§ About this exercise
Go through the entries below from the first line and transcribe each one exactly, ending with the line that contains "Car image 38".

(Stored data)

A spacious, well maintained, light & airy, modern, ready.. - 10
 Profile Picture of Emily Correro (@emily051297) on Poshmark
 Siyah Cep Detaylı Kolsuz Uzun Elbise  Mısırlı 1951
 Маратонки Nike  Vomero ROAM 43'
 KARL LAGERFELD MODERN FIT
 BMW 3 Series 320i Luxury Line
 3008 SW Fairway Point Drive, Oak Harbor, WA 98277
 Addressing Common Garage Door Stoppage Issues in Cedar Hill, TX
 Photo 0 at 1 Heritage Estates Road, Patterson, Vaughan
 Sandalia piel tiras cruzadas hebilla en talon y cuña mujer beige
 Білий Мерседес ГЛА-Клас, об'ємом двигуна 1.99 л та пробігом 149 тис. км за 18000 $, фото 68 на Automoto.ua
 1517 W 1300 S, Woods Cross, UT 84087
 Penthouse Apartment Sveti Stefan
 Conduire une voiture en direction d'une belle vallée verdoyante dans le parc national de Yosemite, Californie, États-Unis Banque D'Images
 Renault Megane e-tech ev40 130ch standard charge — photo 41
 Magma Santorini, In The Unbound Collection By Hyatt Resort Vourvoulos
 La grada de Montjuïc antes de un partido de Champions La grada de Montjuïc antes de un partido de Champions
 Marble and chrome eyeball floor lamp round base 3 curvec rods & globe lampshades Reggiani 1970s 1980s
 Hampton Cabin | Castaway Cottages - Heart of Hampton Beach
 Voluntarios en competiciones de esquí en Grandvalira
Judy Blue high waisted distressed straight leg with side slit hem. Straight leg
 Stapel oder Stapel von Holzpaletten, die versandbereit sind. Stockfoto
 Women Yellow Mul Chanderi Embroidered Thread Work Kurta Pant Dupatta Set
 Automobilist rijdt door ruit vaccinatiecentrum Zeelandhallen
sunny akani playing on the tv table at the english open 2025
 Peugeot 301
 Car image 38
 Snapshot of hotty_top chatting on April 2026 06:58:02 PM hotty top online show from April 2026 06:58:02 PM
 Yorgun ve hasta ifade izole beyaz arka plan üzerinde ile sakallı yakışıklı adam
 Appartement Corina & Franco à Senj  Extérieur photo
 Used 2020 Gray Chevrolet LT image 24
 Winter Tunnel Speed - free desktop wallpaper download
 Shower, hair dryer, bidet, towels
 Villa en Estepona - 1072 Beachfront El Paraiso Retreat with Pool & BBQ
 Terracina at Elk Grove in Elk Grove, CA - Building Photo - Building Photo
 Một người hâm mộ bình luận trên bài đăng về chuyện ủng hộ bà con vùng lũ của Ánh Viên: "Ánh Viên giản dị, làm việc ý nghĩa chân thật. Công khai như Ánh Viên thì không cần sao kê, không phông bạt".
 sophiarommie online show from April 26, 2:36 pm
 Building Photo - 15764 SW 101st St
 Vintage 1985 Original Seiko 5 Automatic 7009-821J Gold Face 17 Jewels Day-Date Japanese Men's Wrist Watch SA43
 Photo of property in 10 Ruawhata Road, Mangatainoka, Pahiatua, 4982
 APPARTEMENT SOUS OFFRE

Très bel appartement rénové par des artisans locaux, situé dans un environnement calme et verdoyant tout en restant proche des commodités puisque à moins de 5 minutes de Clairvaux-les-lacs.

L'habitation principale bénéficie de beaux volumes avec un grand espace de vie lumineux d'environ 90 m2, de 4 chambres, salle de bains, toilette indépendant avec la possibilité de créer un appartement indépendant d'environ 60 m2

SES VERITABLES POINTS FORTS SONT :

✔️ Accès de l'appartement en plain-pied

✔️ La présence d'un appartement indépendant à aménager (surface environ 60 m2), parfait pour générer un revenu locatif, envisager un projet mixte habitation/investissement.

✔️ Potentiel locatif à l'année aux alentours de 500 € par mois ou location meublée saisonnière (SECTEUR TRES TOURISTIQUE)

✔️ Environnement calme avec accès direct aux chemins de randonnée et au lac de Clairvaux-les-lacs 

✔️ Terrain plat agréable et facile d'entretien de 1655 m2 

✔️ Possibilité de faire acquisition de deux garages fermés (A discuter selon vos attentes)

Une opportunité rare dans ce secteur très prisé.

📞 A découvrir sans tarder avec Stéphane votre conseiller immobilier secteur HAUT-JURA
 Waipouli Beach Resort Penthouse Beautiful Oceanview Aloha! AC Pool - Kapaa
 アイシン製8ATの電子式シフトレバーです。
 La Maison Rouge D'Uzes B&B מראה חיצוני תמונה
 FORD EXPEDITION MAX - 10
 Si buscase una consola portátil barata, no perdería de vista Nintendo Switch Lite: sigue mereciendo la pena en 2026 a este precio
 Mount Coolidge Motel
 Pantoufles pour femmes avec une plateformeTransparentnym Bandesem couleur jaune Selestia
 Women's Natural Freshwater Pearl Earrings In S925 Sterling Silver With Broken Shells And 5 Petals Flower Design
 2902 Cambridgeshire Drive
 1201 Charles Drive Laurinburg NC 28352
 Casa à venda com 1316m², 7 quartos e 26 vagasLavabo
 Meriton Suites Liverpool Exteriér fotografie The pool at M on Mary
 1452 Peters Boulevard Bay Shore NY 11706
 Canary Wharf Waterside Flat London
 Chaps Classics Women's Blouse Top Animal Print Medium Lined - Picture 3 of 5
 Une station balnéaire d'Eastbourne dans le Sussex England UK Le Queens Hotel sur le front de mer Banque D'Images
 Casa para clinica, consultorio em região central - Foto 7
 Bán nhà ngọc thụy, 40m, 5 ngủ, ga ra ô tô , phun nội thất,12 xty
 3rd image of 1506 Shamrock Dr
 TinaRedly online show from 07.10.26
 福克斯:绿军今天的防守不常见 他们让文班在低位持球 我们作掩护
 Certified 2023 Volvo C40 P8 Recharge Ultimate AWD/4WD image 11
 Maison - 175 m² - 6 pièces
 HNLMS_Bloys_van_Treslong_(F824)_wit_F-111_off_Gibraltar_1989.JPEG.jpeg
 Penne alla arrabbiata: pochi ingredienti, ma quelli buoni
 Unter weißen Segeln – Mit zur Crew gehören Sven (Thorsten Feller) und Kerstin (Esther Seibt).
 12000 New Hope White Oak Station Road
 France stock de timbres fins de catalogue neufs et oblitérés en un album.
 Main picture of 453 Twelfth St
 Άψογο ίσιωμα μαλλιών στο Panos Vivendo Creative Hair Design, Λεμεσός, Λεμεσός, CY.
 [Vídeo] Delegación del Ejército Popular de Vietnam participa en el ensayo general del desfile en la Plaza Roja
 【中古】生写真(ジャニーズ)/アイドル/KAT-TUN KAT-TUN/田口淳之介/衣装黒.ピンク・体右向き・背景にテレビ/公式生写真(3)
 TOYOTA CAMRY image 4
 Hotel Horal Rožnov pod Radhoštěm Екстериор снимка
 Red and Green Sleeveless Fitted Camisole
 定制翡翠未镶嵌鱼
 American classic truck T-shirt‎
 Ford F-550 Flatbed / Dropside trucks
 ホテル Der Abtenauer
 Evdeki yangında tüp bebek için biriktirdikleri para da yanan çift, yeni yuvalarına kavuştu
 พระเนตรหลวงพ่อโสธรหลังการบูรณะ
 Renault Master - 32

§ Solved exercise
A spacious, well maintained, light & airy, modern, ready.. - 10
 Profile Picture of Emily Correro (@emily051297) on Poshmark
 Siyah Cep Detaylı Kolsuz Uzun Elbise  Mısırlı 1951
 Маратонки Nike  Vomero ROAM 43'
 KARL LAGERFELD MODERN FIT
 BMW 3 Series 320i Luxury Line
 3008 SW Fairway Point Drive, Oak Harbor, WA 98277
 Addressing Common Garage Door Stoppage Issues in Cedar Hill, TX
 Photo 0 at 1 Heritage Estates Road, Patterson, Vaughan
 Sandalia piel tiras cruzadas hebilla en talon y cuña mujer beige
 Білий Мерседес ГЛА-Клас, об'ємом двигуна 1.99 л та пробігом 149 тис. км за 18000 $, фото 68 на Automoto.ua
 1517 W 1300 S, Woods Cross, UT 84087
 Penthouse Apartment Sveti Stefan
 Conduire une voiture en direction d'une belle vallée verdoyante dans le parc national de Yosemite, Californie, États-Unis Banque D'Images
 Renault Megane e-tech ev40 130ch standard charge — photo 41
 Magma Santorini, In The Unbound Collection By Hyatt Resort Vourvoulos
 La grada de Montjuïc antes de un partido de Champions La grada de Montjuïc antes de un partido de Champions
 Marble and chrome eyeball floor lamp round base 3 curvec rods & globe lampshades Reggiani 1970s 1980s
 Hampton Cabin | Castaway Cottages - Heart of Hampton Beach
 Voluntarios en competiciones de esquí en Grandvalira
Judy Blue high waisted distressed straight leg with side slit hem. Straight leg
 Stapel oder Stapel von Holzpaletten, die versandbereit sind. Stockfoto
 Women Yellow Mul Chanderi Embroidered Thread Work Kurta Pant Dupatta Set
 Automobilist rijdt door ruit vaccinatiecentrum Zeelandhallen
sunny akani playing on the tv table at the english open 2025
 Peugeot 301
 Car image 38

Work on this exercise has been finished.